[rspec-users] How to spec a (Trollop-based) binary’s internal state?
Shot (Piotr Szotkowski)
shot at hot.pl
Fri Nov 14 15:56:48 EST 2008
> On Nov 07, 2008, at 5:24 pm, Shot (Piotr Szotkowski) wrote:
>> Right, that’s why I suggested I could Kernel#eval the binary’s contents
>> in the current process instead. This would require tricking Trollop, but
>> I assume I could trick it by hand-crafting ARGV.
> You might find Rick Bradley's talk on regression testing flog
> useful here. He starts by speccing the binary at a Ruby level.
Heh – I brought exactly this talk up twice when talking about specing
binaries here (it was what pointed me in the direction that it would
be actually good to spec/test them, actually). :)

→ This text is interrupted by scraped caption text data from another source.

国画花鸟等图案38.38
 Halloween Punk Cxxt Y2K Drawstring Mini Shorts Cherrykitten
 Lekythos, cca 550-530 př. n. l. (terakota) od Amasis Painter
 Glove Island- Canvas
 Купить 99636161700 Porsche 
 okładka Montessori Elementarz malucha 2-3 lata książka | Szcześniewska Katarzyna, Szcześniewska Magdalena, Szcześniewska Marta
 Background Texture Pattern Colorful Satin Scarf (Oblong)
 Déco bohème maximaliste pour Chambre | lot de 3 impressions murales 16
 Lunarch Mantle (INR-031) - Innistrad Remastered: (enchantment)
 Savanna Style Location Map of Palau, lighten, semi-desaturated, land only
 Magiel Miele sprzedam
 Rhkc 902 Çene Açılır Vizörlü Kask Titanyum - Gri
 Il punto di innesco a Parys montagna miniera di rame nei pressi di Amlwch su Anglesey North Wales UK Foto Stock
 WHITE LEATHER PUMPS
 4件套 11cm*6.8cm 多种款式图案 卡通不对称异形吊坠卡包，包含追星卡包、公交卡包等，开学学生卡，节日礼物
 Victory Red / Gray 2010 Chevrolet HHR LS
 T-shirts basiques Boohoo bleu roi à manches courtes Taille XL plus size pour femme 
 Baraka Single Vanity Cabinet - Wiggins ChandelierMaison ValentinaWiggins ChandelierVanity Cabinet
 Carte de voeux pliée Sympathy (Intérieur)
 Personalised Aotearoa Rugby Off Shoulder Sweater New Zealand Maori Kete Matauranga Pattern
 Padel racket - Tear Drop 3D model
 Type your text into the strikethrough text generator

> Note, however, that later in the talk he admits he made a mistake in
> not writing end-to-end tests soon enough. I think he should have run
> the binary as a black box and just pushed binary code into lib sooner.
Right. I think I agree that’s the best
(and most elegant) way to test binaries.
In my case, asfter some specing and some coding, it turns out I can’t
really do this the way I wanted; most of the cases I need to test for
are triggered with input that makes the binary run a long time (it’s
the code behind my PhD thesis, so tons of computations). As I’m testing
a black box with Kernel#`, I can’t mock/stub anything out.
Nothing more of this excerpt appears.